Verifying production data is critical for data-driven businesses

Testing data and data-centric applications is a vital step for organizations that are using their data to drive their business.  This article covers verifying data in production and how this process is different from testing performed in the development process. Verifying data in production is a critical step for organizations that rely on their data for decision making.

This step is performed after data integration processes are executed or after any changes to the data of the system. This verification includes several important aspects, but they can be summed up in the three R’s: Is the data reconciled? Is it related? And is it reasonable?

  • The reconciliation of data is performed by comparing counts, totals, and balances amongsources. For example, if the daily sales transactions in your source system total $100,000, then the daily sales in your data warehouse should also be $100,000.

  • The relationship of data is verified by examining the categorization of the data and how it relates to other data. Continuing the example above, your data warehouse total sales might match the source system, but if 80% of the sales are recorded against an “unknown” product, the data isn’t related in a useful way for decision making.

  • The reasonableness of data is determined by looking at trends, history, and tolerances. If historically your data warehouse daily sales total within +/- 10% of $100,000 (a range of $90,000 to $110,000), seeing daily sales of $200,000 would trigger some additional investigation to ensure the results were valid.

In the sections below, the different types of verification will be discussed in more detail. These three types of verification are often implemented as queries against the data stores and applications in a data-centric system.

There can be a large number of these queries to execute in a production system to verify all the data. These might not all be queries in the traditional relational or SQL sense, as you will often find the need to interact with systems that have non-SQL interfaces or use web APIs.

In all likelihood, you'll want to automate the process of interacting with these heterogeneous systems, running the queries and comparing the results, whether you use a homegrown system or implement a commercially available package like SentryOne Test.
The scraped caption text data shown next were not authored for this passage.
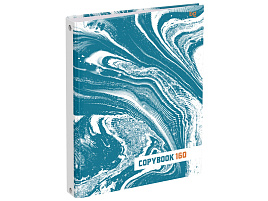 Тетрадь на кольцах 160л. ТТ5к160_лг 62926 "Fluid art", глянцевая ламинация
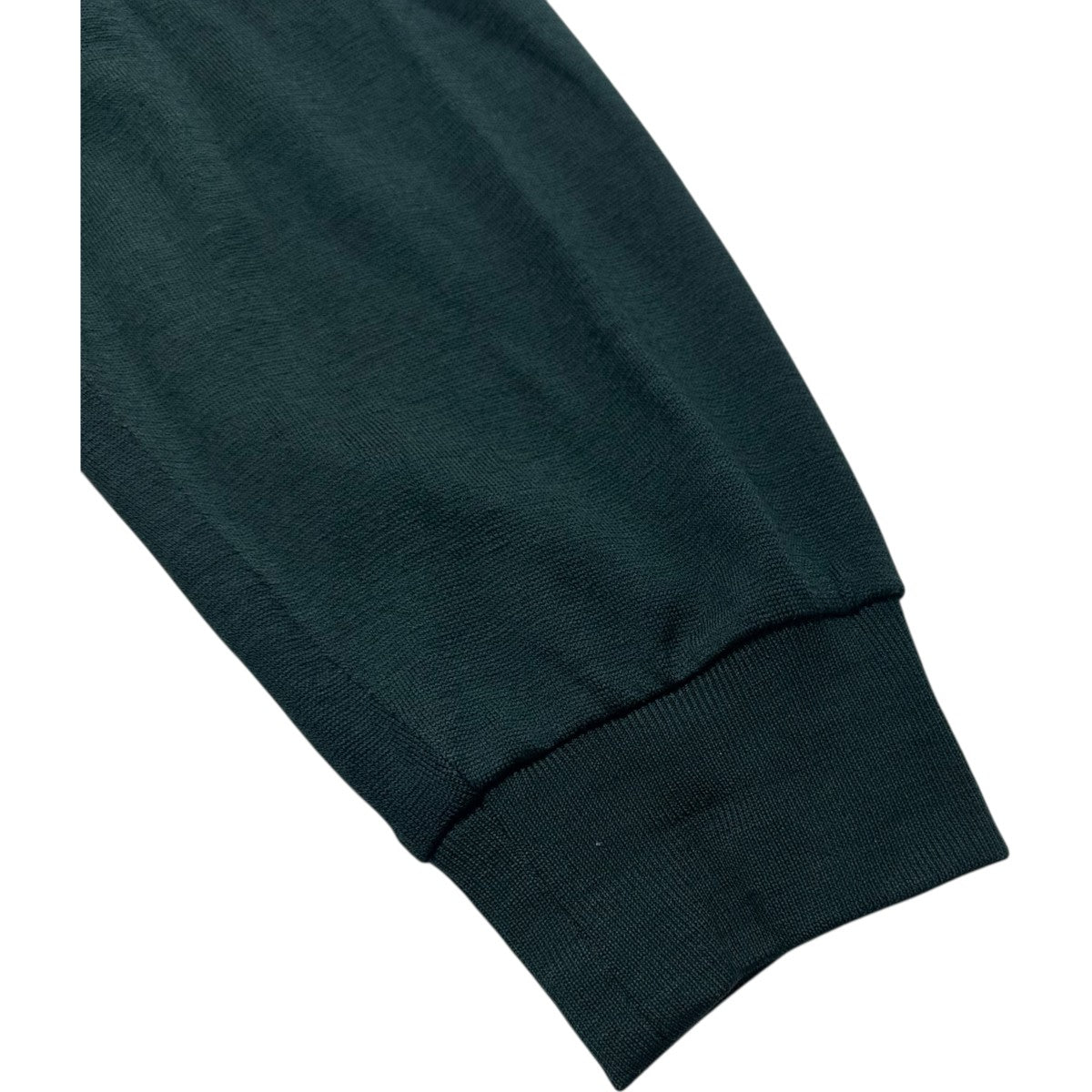 CREW NECK WOOL TEE - Super 120’s Wool Switzer KNITクルーネックニットA21C 13CS02C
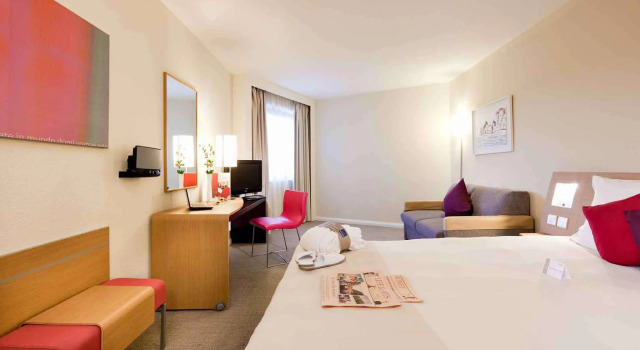 Номер Executive Novotel Sheffield Centre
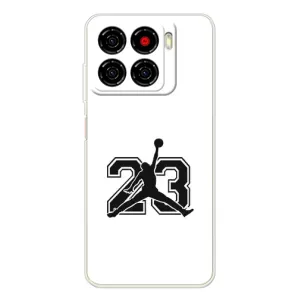 Чехлы для ZTE Blade A56 - с картинкой JORDAN (AlphaPrint) (Jordan 23)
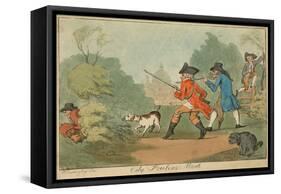 City Foulers Mark-Henry William Bunbury-Framed Stretched Canvas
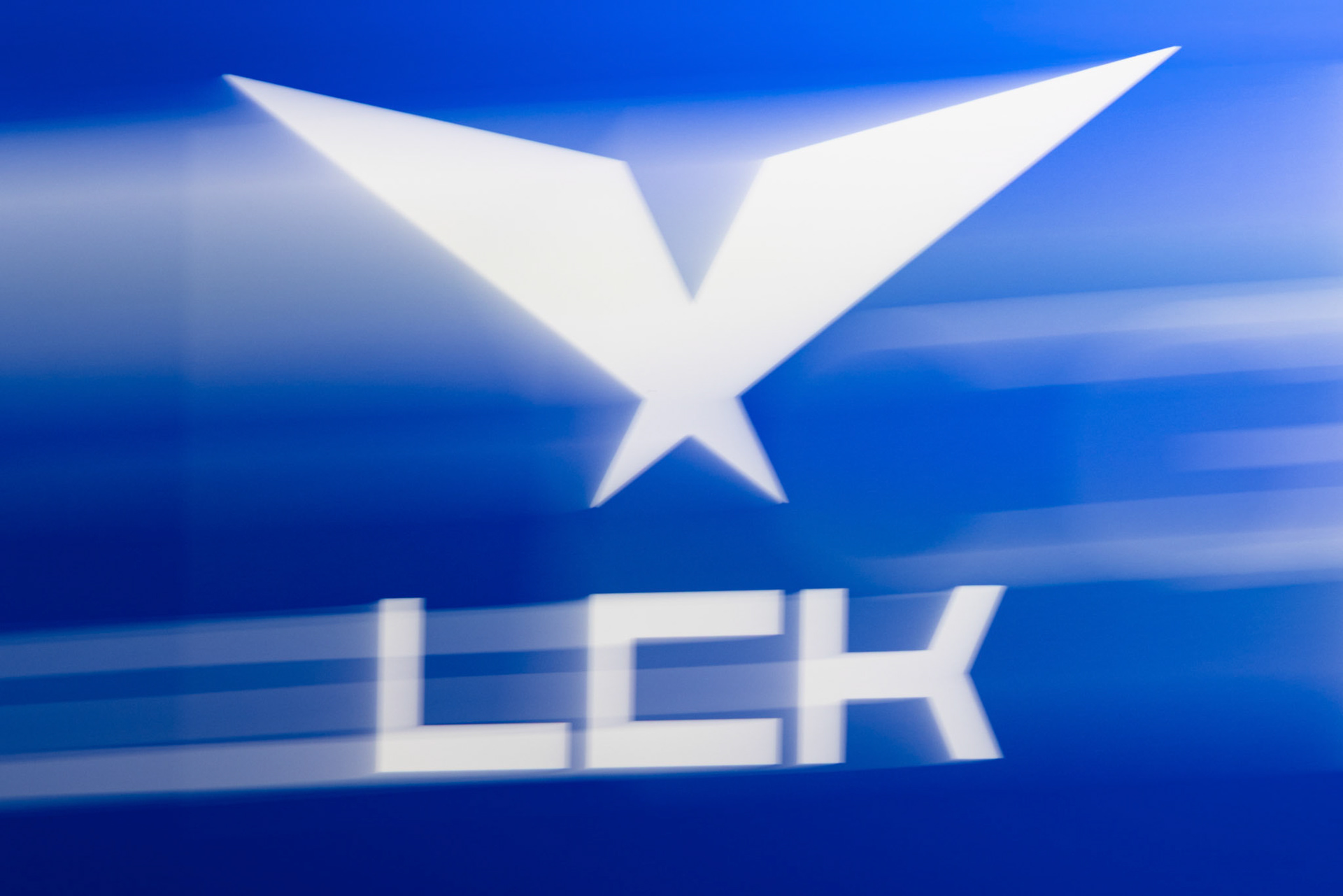 HONG KONG, China - FEBRUARY 28: A general view of the stadium of the LCK logo before the 2026 LCK Cup Finals in Hong Kong at Kai Tak Arena on February 28, 2026 in Hong Kong, China, (Photo by Jack Ng/Alamy Live News)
Key features to look for (or implement, if you are creating your own) are the ability to store the test results and the ability to access and query the breadth of data sources that you use.

The supporting infrastructure needed to perform data verification effectively will be discussed further later in this whitepaper. First, however, we will discuss the differences between testing in development and verifying data in production.

 

Related content: Testing Data and Data-Centric Applications | Testing Data-Centric Code in Development

 

Testing in development vs. verifying data in production

There are a number of similarities between testing in development and verifying data in production. Both scenarios can leverage the same techniques and the same tools. However, there is a significant difference—and that is in your focus.

  • Goal for testing in development: Ensuring the code is working successfully.

  • Goal for verifying data in production: Verifying the manipulated data is valid.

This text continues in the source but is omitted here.